Wenn der Glaube an Gott etwas bedeutet, dann Demut vor sich selbst und Liebe zum Nächsten und zum Fremden. Leider hat der Glaube nicht immer zu diesen Dingen geführt. Er kann manchmal zu Selbstgerechtigkeit und Hass auf den Fremden führen. Die Geschichte der Religion ist oft genug mit dem Blut geschrieben worden, das im Namen Gottes vergossen wurde, und das ist keine Weihe, sondern eine Schändung.

Heute sehe ich in vielen Teilen der Welt, dass Religion mit dem Streben nach Macht verwechselt wird, so als ob diese ganze tragische Geschichte vergessen worden wäre. Die hebräische Bibel sagt uns, dass die Macht Gott gehört, der sie einsetzt, um die Machtlosen zu befreien. Religion hat nichts mit Macht zu tun, sondern mit dem Heiligen und dem Guten und dem Streben nach Gerechtigkeit und Mitgefühl. Wenn Religion und Politik miteinander verwechselt werden, ist das Ergebnis für beide verhängnisvoll.

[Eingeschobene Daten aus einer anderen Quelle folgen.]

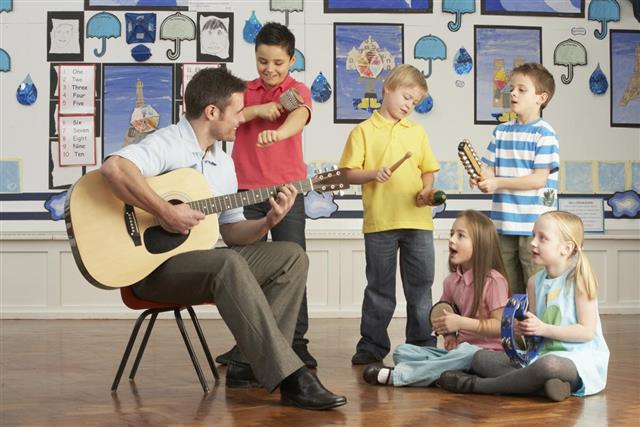 Male Teacher Playing Guitar With Pupils Having Music Lesson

Die wütenden Atheisten von heute sind weit davon entfernt, tiefgründig zu sein, sie sind wie humorlose Menschen, die sich fragen, warum man über einen Witz lacht. Ihre Haltung hat nichts mit der Wissenschaft zu tun, sondern nur mit einem Mangel an Vorstellungskraft. Wir brauchen die Wissenschaft, die uns sagt, wie die Welt ist, und die Religion, die uns sagt, wie die Welt sein sollte. Beide sind notwendig. Jede richtig verstandene Religion kann unseren Respekt für die andere erhöhen.

Der Glaube wird im Leben verstanden und im Tun bewiesen. Wir begegnen der göttlichen Gegenwart im Gebet und im Ritual, in der Geschichte und im Gesang. Diese heben uns über uns selbst hinaus auf das unendliche Du im Herzen des Seins, das uns lehrt, seine Spur im Antlitz des anderen Menschen zu sehen, und das uns zu Taten der Güte führt, die das Leben in dieser Welt sanft machen. Der Glaube ist das Band der Treue und des Zuhörens, das uns an Gott und durch ihn an die Menschheit bindet. Der Glaube ist ein Leben im Licht der Liebe.